Alma desdobrada, cap. 108, 109, 110, 111 e 112.

Alma desdobrada, capítulos 108, 109, 110, 111 e 112.

 

108.

          devo ir a petrópolis, receber uma duplicata para a madeirit. levo o primeiro volume de crime e castigo. comprei-o, porque lera recordações da casa dos mortos, um livro que achara estranhamente belo. eu tinha comprado as recordações por acaso, numa liquidação de livros; havia um nero, de alexandre dumas, e as recordações. nada sabia a respeito do autor. ninguém jamais falara a mim sobre ele. deu-se, pois, que li as recordações e comprei o crime e castigo.

          naquela época eu não sabia o que me atraía em dostoievski. eu o amei loucamente desde o princípio. nenhum homem, nenhuma criatura, me falou tanto ou tão fundo do que penso ser meu: meu coração, meu destino, minha vida, minha história, meu universo.

 

109.

          Z…, Z…, que coisas adormecem no teu coração?

          Z…, Z…, que coisas já se despertaram em você?

          Z…, Z…, me fale de mim, jorge! quero saber mais de você.

 

 110.

          fiquei dias e dias sem escrever. assim resolvi, porque sentia que não estava tendo tempo para me dedicar a este livro como eu acho que é preciso. escrever reflexões sobre toda uma existência, assim dessa maneira tão fragmentada, vai requerer uma dedicação exclusiva. eu estava me perdendo no meio de certos pedaços. parei e voltarei depois, com um propósito absoluto: quero ir até o limite de todas as coisas.

          se peguei o texto agora, foi apenas para dizer de mim, hoje.

          estou triste, como estou triste!

          estou triste, porque me percebo não amando Z….

          não sei se essa fênix renascerá depois, de suas próprias cinzas, como já aconteceu outras vezes. estou vazio, como que meio morto.

          apatetado, de pé, escultura a mostrar um grande oco por dentro da alma. sinto como se tivessem tirando as rolhas que tampassem os meus dedos dos pés e, lentamente, sem nenhum alarde, a vida se me foi escapando. senti que algo descia e se perdia no mundo, escorregava pra fora, me deixando oco de tudo.

          estive uns dias incapaz de sofrer.

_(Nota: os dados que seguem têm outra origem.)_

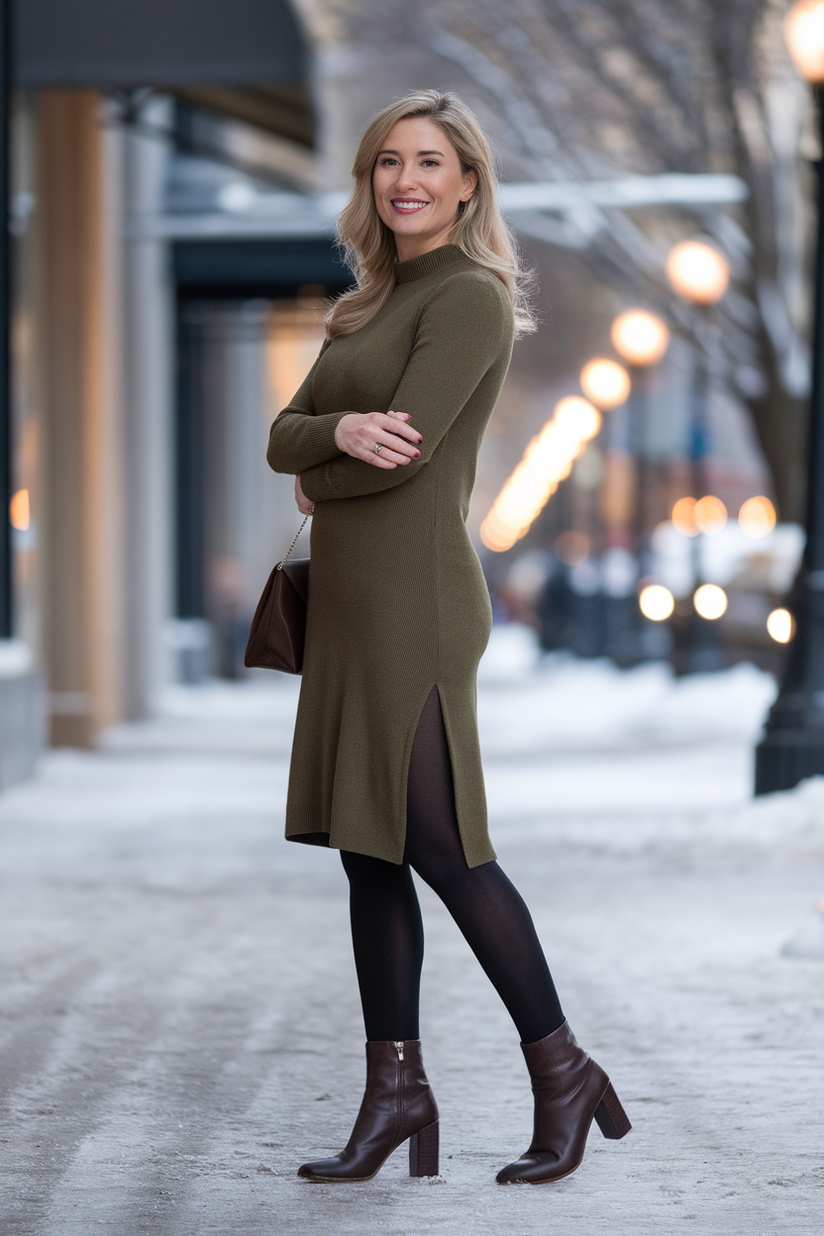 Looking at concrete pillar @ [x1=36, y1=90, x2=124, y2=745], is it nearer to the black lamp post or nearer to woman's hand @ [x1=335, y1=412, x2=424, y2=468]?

          não quero me alongar.

          sofro porque não amo Z….

          não te amo, Z….

          meu amigo.

          quero chorar.

 

111.

          quanto tempo estive longe desse livro! dá pra dizer, então, que longo foi o tempo em que estive longe de mim mesmo, daquilo que, de tão profundamente meu, não venha mais a me pertencer, mas vague num fundo, solto num mar sem dono nem direção.

 

112.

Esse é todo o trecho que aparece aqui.